Olubunmi is not the first homosexual to be attacked in Nigeria, and he will unfortunately not be the last. His name has been added to a long string of names of people who are the victims of a culture of prejudice so deeply entrenched that people have forgotten to question it. It is ironic that jungle justice is a reaction against the bureaucratic and institutional failings of the colonial creation of the police force, and yet the practice is used to enforce laws that were enacted in the country during colonial times.

The question becomes what to do about the practice of jungle justice, and the grim anticipation of the disproportionate effects it will continue to have on homosexuals in Nigeria. The sad and inescapable truth is that even if we somehow fix corruption within the Nigerian government and the Nigerian police, and fix the institutional and bureaucratic failings that accompany this corruption, it will still not be enough to completely eliminate jungle justice and attacks against homosexuals in Nigeria, although it might help.

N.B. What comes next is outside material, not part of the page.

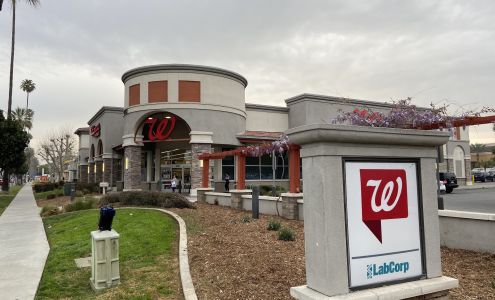 Walgreens Pharmacy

Jungle justice is not a practice that we can afford to continue; it is undignified, very unbecoming and poses great dangers to people who are unfortunate enough to find themselves at the other end of the stick. The Nigerian government ought to criminalize all forms of jungle justice, decriminalize and even legalize homosexuality in Nigeria and we Nigerians need to start an honest and truthful conversation about the kind of nation we want to be. Do we want to be a nation ruled by prejudice, fear and hate, or a nation governed by honor, dignity, respect and love? We need to have these discussions within cultural contexts that challenge the culture of homophobia and the cultural legitimacy of jungle justice as a practice. It is only when we start challenging these deeply held norms that we can have any chance of surviving, progressing and escaping a terrible colonial past that seeks to envelop us, our pre-colonial identity, but more importantly the identity that we ought to aspire towards within our democratic, constitutional, contemporary society.